I used the HuggingFace transformers
library to train a BERT model for sequence classification.
The training process is good on GPU, but the evaluation process(which is running GPU) is too slow. For example, when I just have a sanity check for just 20 short text inputs, the evaluation runtime is about 160 seconds per step.
Here's the snippet code:
def compute_metrics(eval_pred):
accuracy_metric = evaluate.load("accuracy")
f1_metric = evaluate.load("f1", average="macro")
predictions, labels = eval_pred
predictions = np.argmax(predictions, axis=1)
accuracy = accuracy_metric.compute(predictions=predictions, references=labels)
f1_score = f1_metric.compute(predictions=predictions, references=labels, average="macro")

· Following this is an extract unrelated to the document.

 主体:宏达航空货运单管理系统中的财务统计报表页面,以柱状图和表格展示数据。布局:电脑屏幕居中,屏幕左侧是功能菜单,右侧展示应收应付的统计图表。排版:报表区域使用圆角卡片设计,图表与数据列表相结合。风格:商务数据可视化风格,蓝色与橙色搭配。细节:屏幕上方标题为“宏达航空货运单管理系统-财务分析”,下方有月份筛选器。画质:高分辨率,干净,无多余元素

return {**accuracy, **f1_score}
model = AutoModelForSequenceClassification.from_pretrained(
base_model_path,
num_labels=num_labels,
id2label=id2label,
label2id=label2id
)
training_args = TrainingArguments(
output_dir=".",
learning_rate=lr,
per_device_train_batch_size=batch_size,
per_device_eval_batch_size=batch_size,
num_train_epochs=n_epoch,
weight_decay=weight_decay,
evaluation_strategy="steps",
eval_steps=eval_steps,
logging_strategy="steps",
logging_steps=logging_steps,
save_strategy="steps",
save_steps=saving_steps,
load_best_model_at_end=True,
report_to=["tensorboard"],
)
trainer = Trainer(
model=model,
args=training_args,
train_dataset=tokenized_train_ds,
eval_dataset=tokenized_valid_ds,
tokenizer=tokenizer,
compute_metrics=compute_metrics,
)
trainer.train()
The properties of the environment:
transformers 4.29.2
Python 3.10.9
and the configuration of training is like the following:
len(train_data) ~= 36K
len(valid_data) ~= 2K
len(test_data) ~= 2K
model_name = 'bert-base-uncased'
per_device_train_batch_size=16
per_device_eval_batch_size=16
num_train_epochs=30
P.S.: The length of all data is small(less than ten tokens).
Can anyone suggest a solution to reduce the time overhead of the evaluation process?
So I finally got the problem. It's related to evaluate.load()
calls inside the compute_metrics
function. It seems this method has a significant overhead in time, so it shouldn't be inside some functions e.g. compute_metrics
which are called many times. I moved out two load()
methods of compute_metrics
function and it works quickly now.